Sachs drew her weapon and trained it on the man.
“Hey, what’re you doing?” he asked in shock. “I’m trying to save her!” He glanced down at a cell phone on his belt. “ I’m the one called nine-one-one.”
She still couldn’t see his left hand; it was enclosed by his right.
“Keep your hands on that rope, sir,” she said. “Keep ’em where I can see them.”
“I didn’t do anything!” He was wheezing—an odd sound. Maybe it wasn’t exertion but asthma.
Staying clear of her line of fire, Bell grabbed the crane and swung it toward the muddy shore. When the woman was in arm’s reach he tugged her toward him, as the man holding the rope let out slack until she was lying on the ground. She lay on the grass, limp and cyanotic. The detective pulled the tape off her mouth, unhooked the chains and began to give her CPR.
Sachs called to the dozen people gathered nearby, drawn by the commotion, “Is anybody a doctor?”
No one answered. She glanced back at the victim and saw her stirring. . . . Then she began choking and spitting out water. Yes! They’d gotten to her in time. In a minute she’d be able to confirm the man’s identity. Then she looked past the scene and noticed a wad of shiny navy-blue cloth. She caught sight of a zipper and sleeve. It could be the jogging jacket he’d quick-changed out of.

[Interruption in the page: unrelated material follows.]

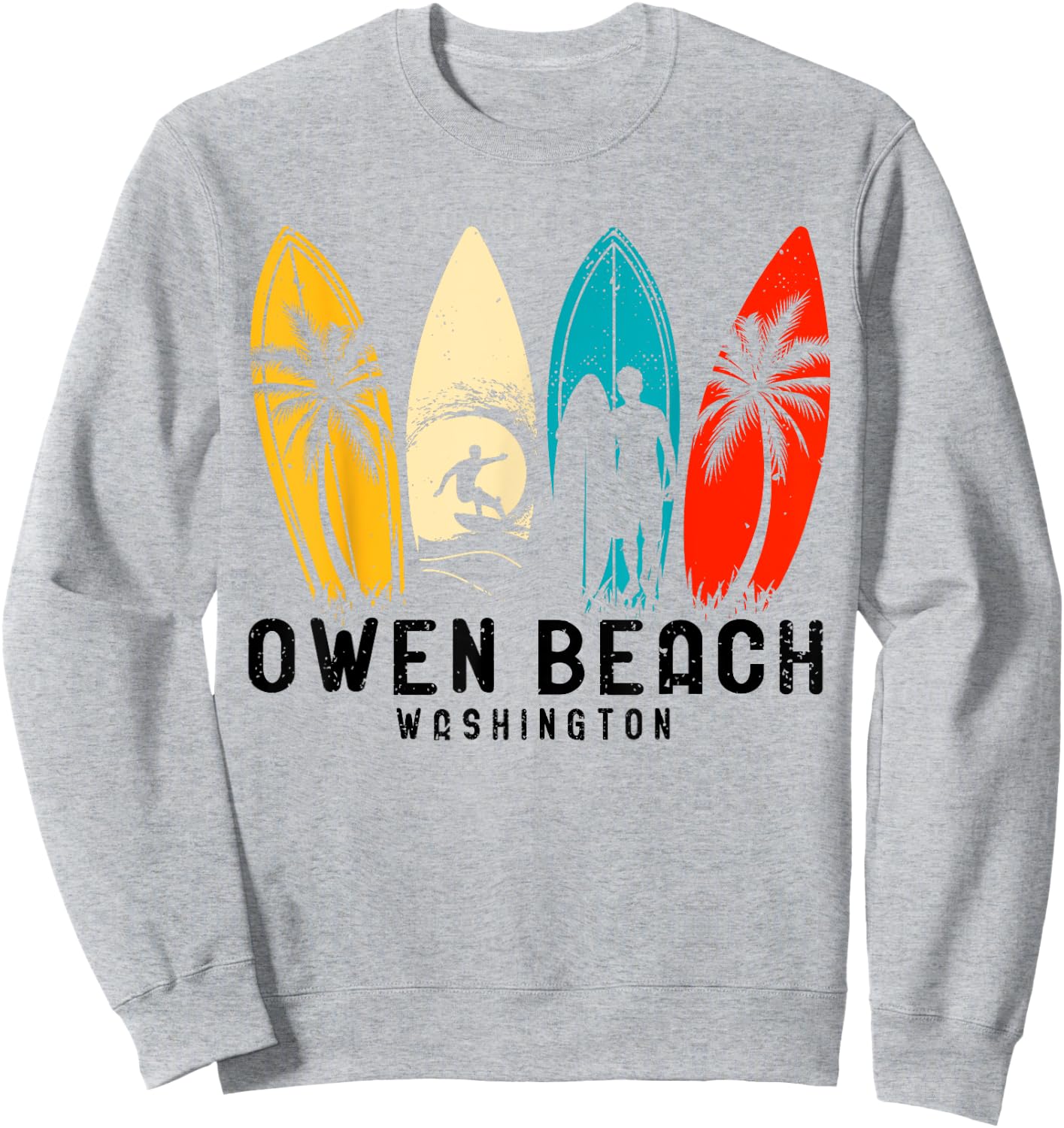 Vintage Washington Owen Beach Surfboarder Women Kids Sweatshirt - Sweatshirt | Ash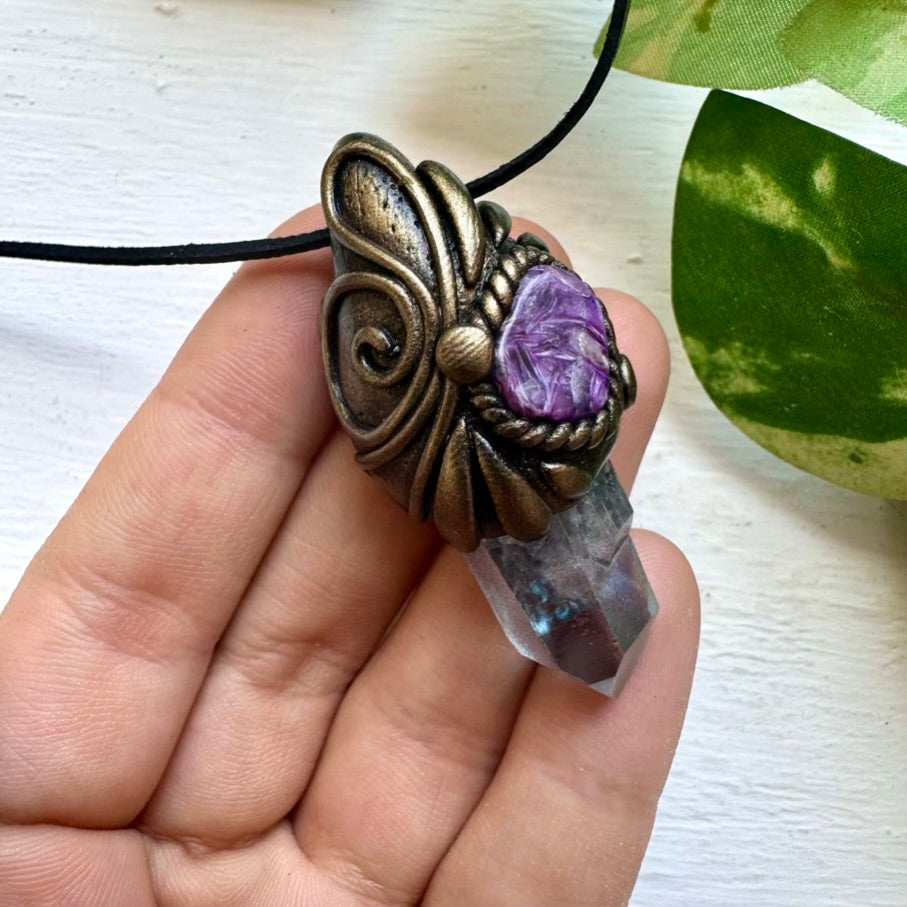 Aqua Aura Quartz and Charoite Necklace - FairyGardenGlow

The man’s eyes followed hers and he saw it too.
Was there a reaction, a faint wince? She thought so but couldn’t tell for sure.
“Sir,” she called firmly, “until we get things sorted out here, I’m going to put some cuffs on you. I want your hands—”
Suddenly a man’s panicked voice shouted, “Yo, lady, look out! That guy in the jogging suit—to yo right! He got a gun!”
People screamed and dropped to the ground and Sachs crouched, spinning to her right, squinting for a target. “Roland, look out!”
Bell too dropped to the ground, beside the woman, and looked in the same direction as Sachs, his Sig in his hand.
But Sachs saw nobody in a jogging suit.
Oh, no, she thought. No! Furious with herself, she understood what had happened—he’d mimicked the voice himself. Ventriloquism.
She turned back fast to see a brilliant fireball explode from the rescuer’s hand. It hovered in the air, blinding her.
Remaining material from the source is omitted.